Look out for the dogs, look out for the evildoers, look out for those who mutilate the flesh. For we are the circumcision, who worship by the Spirit of God and glory in Christ Jesus and put no confidence in the flesh— though I myself have reason for confidence in the flesh also. If anyone else thinks he has reason for confidence in the flesh, I have more: circumcised on the eighth day, of the people of Israel, of the tribe of Benjamin, a Hebrew of Hebrews; as to the law, a Pharisee; as to zeal, a persecutor of the church; as to righteousness under the law, blameless. But whatever gain I had, I counted as loss for the sake of Christ. Indeed, I count everything as loss because of the surpassing worth of knowing Christ Jesus my Lord. For his sake I have suffered the loss of all things and count them as rubbish, in order that I may gain Christ and be found in him, not having a righteousness of my own that comes from the law, but that which comes through faith in Christ, the righteousness from God that depends on faith— that I may know him and the power of his resurrection, and may share his sufferings, becoming like him in his death, that by any means possible I may attain the resurrection from the dead.

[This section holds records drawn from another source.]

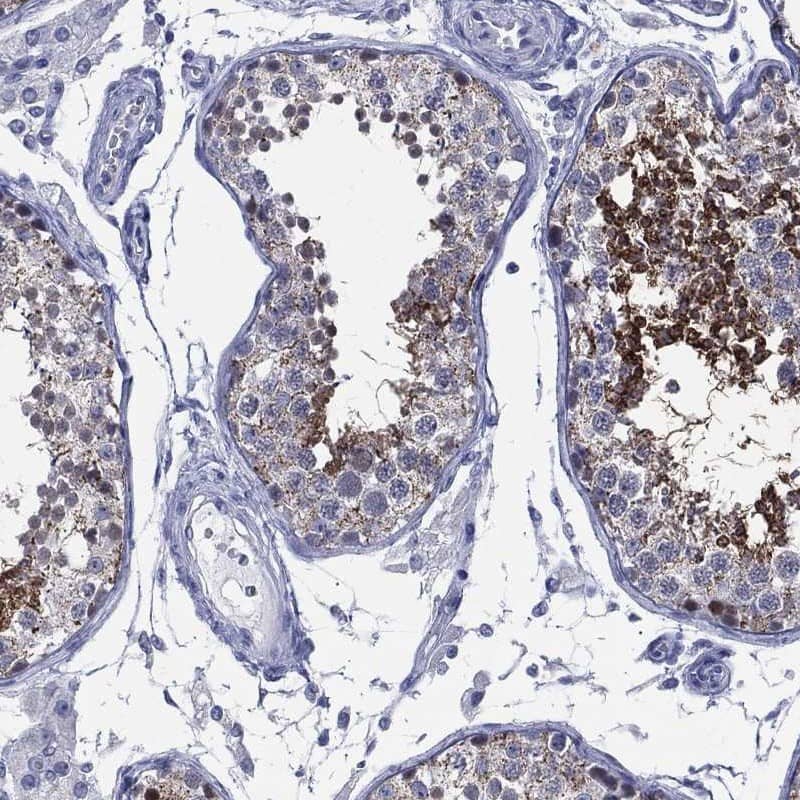 Staining of human testis shows strong cytoplasmic positivity in cells in seminiferous ducts.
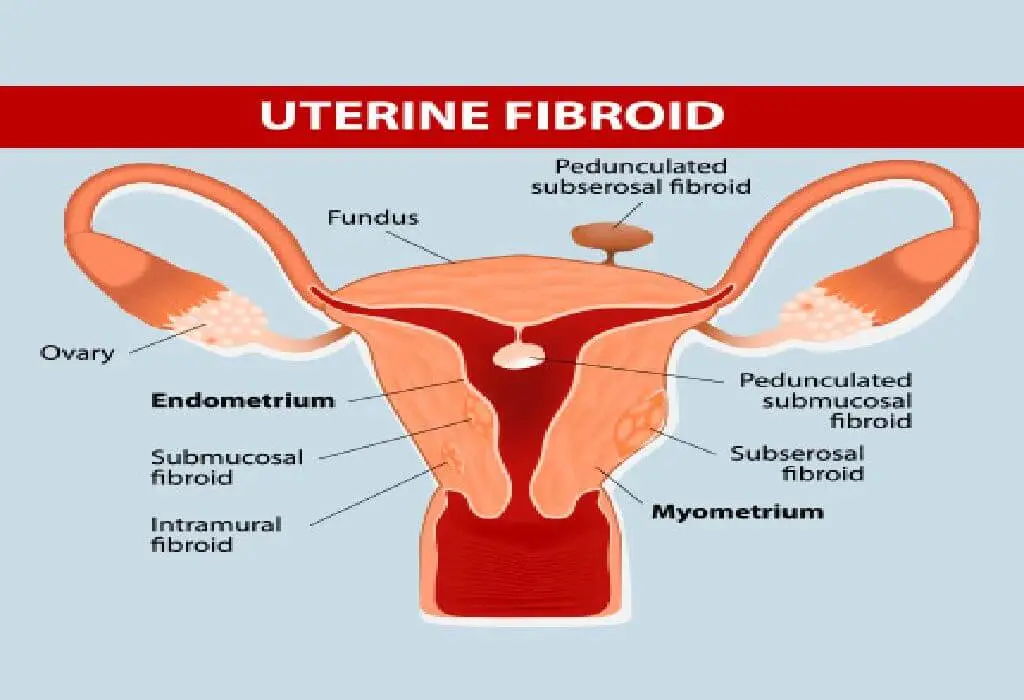 uterine fibroid effect on infertility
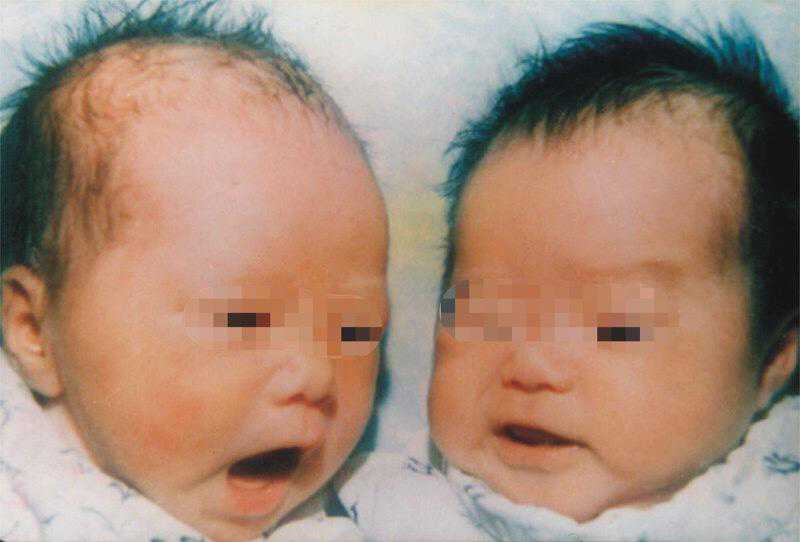 大陆首例试管婴儿当妈妈了！广东首例试管婴儿现在如何？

Not that I have already obtained this or am already perfect, but I press on to make it my own, because Christ Jesus has made me his own. Brothers, I do not consider that I have made it my own. But one thing I do: forgetting what lies behind and straining forward to what lies ahead, I press on toward the goal for the prize of the upward call of God in Christ Jesus. Let those of us who are mature think this way, and if in anything you think otherwise, God will reveal that also to you. Only let us hold true to what we have attained.
Brothers, join in imitating me, and keep your eyes on those who walk according to the example you have in us. For many, of whom I have often told you and now tell you even with tears, walk as enemies of the cross of Christ. Their end is destruction, their god is their belly, and they glory in their shame, with minds set on earthly things. But our citizenship is in heaven, and from it we await a Savior, the Lord Jesus Christ, who will transform our lowly body to be like his glorious body, by the power that enables him even to subject all things to himself.